JK Simmons says the ‘SPIDER-MAN’ trilogy “will always be a big highlight of my career and my life.” “Sam Raimi is one of my favorite directors and human beings.”
These days, J.K. Simmons seemed to be everywhere. In the year 2021, the acclaimed 66-year-old actor participated in Zack Snyder’s Justice League, voiced characters in animated films like Invincible, Infinity Train, and The Great North, and still has blockbusters The Tomorrow War and Spider-Man: No Way Home on the way. While it’s tempting to point to his Oscar-winning performance in Whiplash from 2014 as his pinnacle achievement, Simmons still has great memories of his role as J. Jonah Jameson in Sam Raimi’s earlier Spider-Man trilogy.
Simmons’ career took off after he played the abrasive Daily Bugle editor in Raimi’s three Spider-Man films—you can even find some parallels between JJJ and Whiplash’s Fletcher if you squint—but he was noticeably absent from Marc Webb’s web-slinger 2012 remake starring Andrew Garfield. In fact, with the exception of one crammed email conversation in The Amazing Spider-Man 2, Jameson was never even mentioned in those movies. Audiences were simply left to believe that the Daily Bugle’s grumpy editor-in-chief was the victim of a plot twist, and to question who could possibly fill Simmons‘ famous epic roles.
All of that changed in 2019. Simmons had previously stated that he would be interested in repeating the role. So he leaped at the chance to resurrect Jameson in Spider-Man: Far From Home when Sony approached him.

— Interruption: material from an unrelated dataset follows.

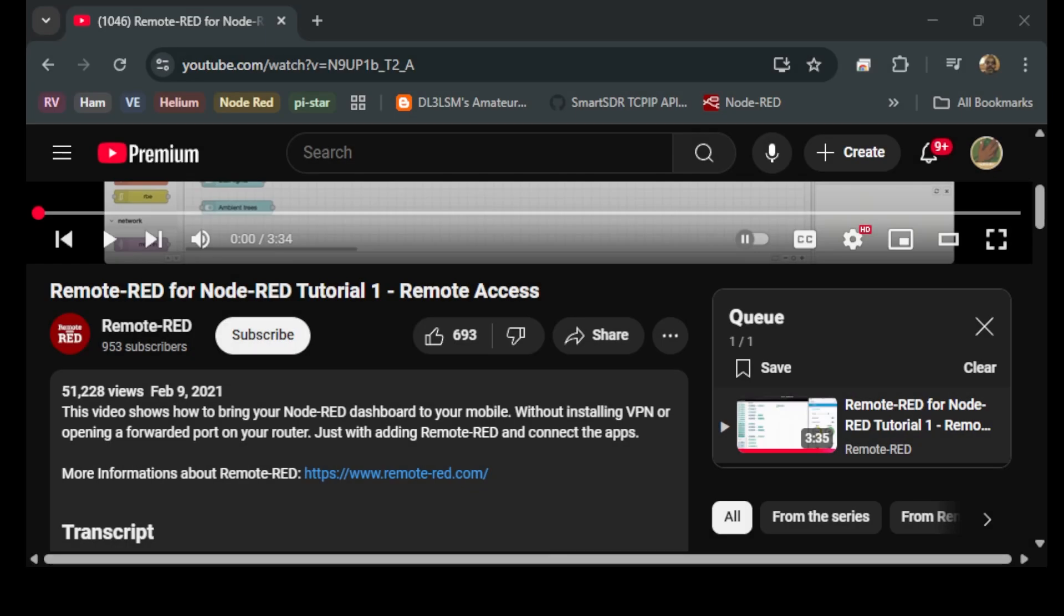Thanks for stopping by to see what I'm up to today. So on my last video for Node-RED, I promised everyone that I would show them how to get remote access, at least those of you who don't already know, get remote access for Node-RED.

His appearance in the film’s post-credits sequence is still remembered as one of the most memorable moments in the Marvel Cinematic Universe.
“Having the chance to kind of reinvent the character, I was eager to hold on to the things I really enjoyed about it while also being fully open to letting go of some of it and understanding we are in a more current version of that universe,” Simmons says today. “Hopefully, we’ve discovered the sweet spot.”

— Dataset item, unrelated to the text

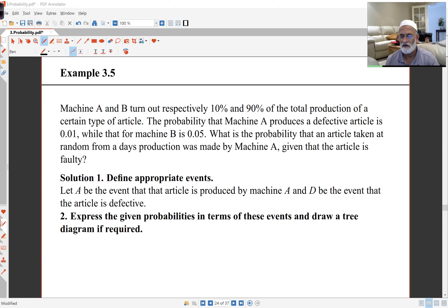In this third of the lectures for this week, we'll be looking at tree diagrams and how you can use tree diagrams to solve foundational probability problems.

Moviegoers were ecstatic to see Jameson back on the big screen, and their attention was drawn to Spider-Man as usual. In December’s Spider-Man: No Way Home, they’ll get even more of a look at him. Simmons compared his original Jameson interpretation to the current one and found no change. Except for the absence of the characteristic flattop haircut.
The discrepancies in Simmons’ readings are mostly due to hair, or the lack thereof, according to Simmons.
Jameson has remained a cigar-chomping hothead throughout the five films, ready to identify Spider-Man as a threat. While Jameson’s bravado is part of his appeal and DNA, Simmons doesn’t need the writers to fill him out or add more dimensions to him.
“That development is a pretty significant component for a lot of characters,” Simmons says. “I appreciate how that character hasn’t evolved. He’s changed in certain aspects, but he’s still the same jerk… and that’s what I like to do.” J.K. Simmons will next be seen in The Tomorrow War, which will be released on July 2. In the following days, you’ll see more of our conversation with the director of that film. The film Spider-Man: No Way Home will be released on December 17th.